O artigo ocupa quatro páginas, que é muito para a New York Times Magazine. Não tem destaque na capa – foi preterido para uma reportagem sobre o cálculo actuarial dos tornados, e outra sobre indisciplina entre os oficiais do exército americano. E nessa companhia, a bruta intempérie e o infortúnio da guerra, o retrato do escritor vem emoldurado em suspeita.

Para começar temos com ênfase a opinião de Harold Bloom que assim denuncia Saramago: “Os romances de Saramago são infinitamente inventivos, infinitamente bem-humorados, infinitamente hábeis mas estou pasmado que o homem seja incapaz de crescer politicamente. Em 2007, ser um Estalinista Português significa não querer viver no mundo real.” O seu ateísmo e esquerdismo são sublinhados no início e no fim da peça para desconforto.
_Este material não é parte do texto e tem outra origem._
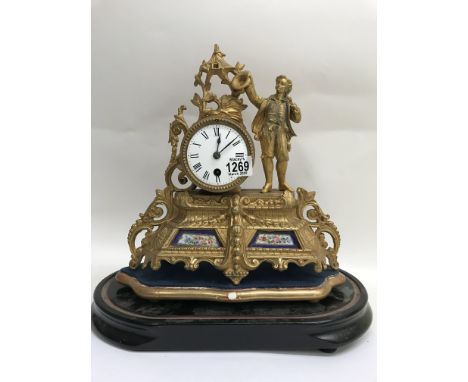 A gilt French mantle clock, the enamel dial with Roman numerals, flanked by a male figure. Inset with porcelain panels under 
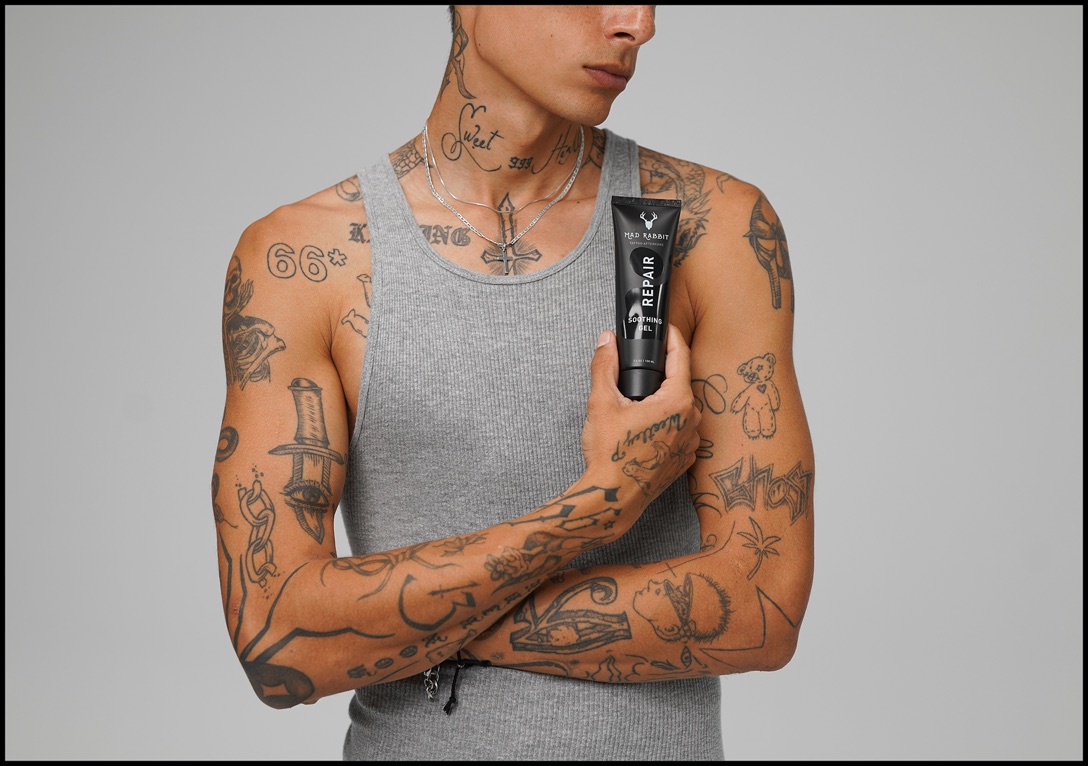 Tattooed model holding a Mad Rabbit tube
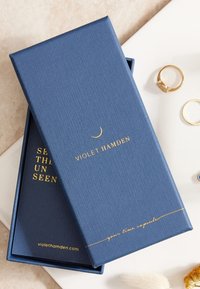 Blaues, strukturiertes Kästchen mit goldgeprägtem Text. Enthält eine schwarze Innenbox mit goldener Schrift. Umgebende goldene Ringe sind sichtbar.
Estas características seriam sinal de severo alarme para os leitores se Saramago não fosse descrito como um velho, cansado e incapaz de organizar revoltas. (Talvez porque estas convicções são dadas como acabadas, Saramago é pintado mais velho do que é.)

Se a política e a personalidade do homem são incómodos, a história da sua vida é sedutora: o pobre filho de polícia, mecânico por necessidade, jornalista por militância e escritor genial quase por acidente. A sua prosa está além da suspeita, porque diz-nos a jornalista é “fantasista.” Mas o entusiasmo pela obra e biografia é contido.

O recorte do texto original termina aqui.